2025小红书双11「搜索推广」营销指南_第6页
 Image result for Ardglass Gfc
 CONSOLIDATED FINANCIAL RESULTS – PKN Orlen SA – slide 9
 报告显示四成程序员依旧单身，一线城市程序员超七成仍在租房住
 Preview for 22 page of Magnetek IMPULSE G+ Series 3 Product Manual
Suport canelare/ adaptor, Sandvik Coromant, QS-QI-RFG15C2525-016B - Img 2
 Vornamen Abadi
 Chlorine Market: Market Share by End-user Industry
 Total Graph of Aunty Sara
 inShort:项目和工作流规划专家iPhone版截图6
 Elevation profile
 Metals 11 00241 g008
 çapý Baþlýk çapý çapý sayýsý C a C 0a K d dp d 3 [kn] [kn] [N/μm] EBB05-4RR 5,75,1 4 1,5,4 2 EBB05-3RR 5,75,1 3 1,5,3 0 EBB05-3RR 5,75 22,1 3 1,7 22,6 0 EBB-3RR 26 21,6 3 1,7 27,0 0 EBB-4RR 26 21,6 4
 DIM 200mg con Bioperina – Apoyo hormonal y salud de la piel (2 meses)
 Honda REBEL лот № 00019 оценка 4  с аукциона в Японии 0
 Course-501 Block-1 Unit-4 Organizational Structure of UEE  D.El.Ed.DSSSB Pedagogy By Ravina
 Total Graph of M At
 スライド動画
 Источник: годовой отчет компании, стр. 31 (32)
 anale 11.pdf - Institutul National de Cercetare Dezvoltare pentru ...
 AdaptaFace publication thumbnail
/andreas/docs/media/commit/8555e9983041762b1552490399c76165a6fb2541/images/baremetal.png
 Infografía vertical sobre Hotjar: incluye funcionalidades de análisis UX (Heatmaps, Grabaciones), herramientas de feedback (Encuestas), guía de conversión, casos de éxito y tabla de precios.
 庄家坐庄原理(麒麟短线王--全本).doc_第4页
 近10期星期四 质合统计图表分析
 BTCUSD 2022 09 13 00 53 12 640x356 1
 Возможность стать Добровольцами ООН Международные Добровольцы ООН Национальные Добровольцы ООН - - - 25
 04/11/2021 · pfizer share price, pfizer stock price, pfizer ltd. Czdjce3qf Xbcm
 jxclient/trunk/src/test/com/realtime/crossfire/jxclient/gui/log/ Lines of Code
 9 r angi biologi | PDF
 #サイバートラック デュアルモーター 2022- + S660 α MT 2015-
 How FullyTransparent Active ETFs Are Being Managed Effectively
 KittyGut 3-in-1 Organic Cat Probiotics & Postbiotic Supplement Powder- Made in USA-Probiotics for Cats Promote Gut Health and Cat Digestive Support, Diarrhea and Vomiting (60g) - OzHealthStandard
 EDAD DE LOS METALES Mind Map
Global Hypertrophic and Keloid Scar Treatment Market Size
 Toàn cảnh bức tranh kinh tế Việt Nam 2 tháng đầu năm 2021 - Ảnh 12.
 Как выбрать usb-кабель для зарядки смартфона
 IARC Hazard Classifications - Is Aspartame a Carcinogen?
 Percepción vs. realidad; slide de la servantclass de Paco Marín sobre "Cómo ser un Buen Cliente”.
*-*-*
Write out again, exactly as they appear above, the lines from the one containing "How FullyTransparent Active" to the final line, and only those.

 How FullyTransparent Active ETFs Are Being Managed Effectively
 KittyGut 3-in-1 Organic Cat Probiotics & Postbiotic Supplement Powder- Made in USA-Probiotics for Cats Promote Gut Health and Cat Digestive Support, Diarrhea and Vomiting (60g) - OzHealthStandard
 EDAD DE LOS METALES Mind Map
Global Hypertrophic and Keloid Scar Treatment Market Size
 Toàn cảnh bức tranh kinh tế Việt Nam 2 tháng đầu năm 2021 - Ảnh 12.
 Как выбрать usb-кабель для зарядки смартфона
 IARC Hazard Classifications - Is Aspartame a Carcinogen?
 Percepción vs. realidad; slide de la servantclass de Paco Marín sobre "Cómo ser un Buen Cliente”.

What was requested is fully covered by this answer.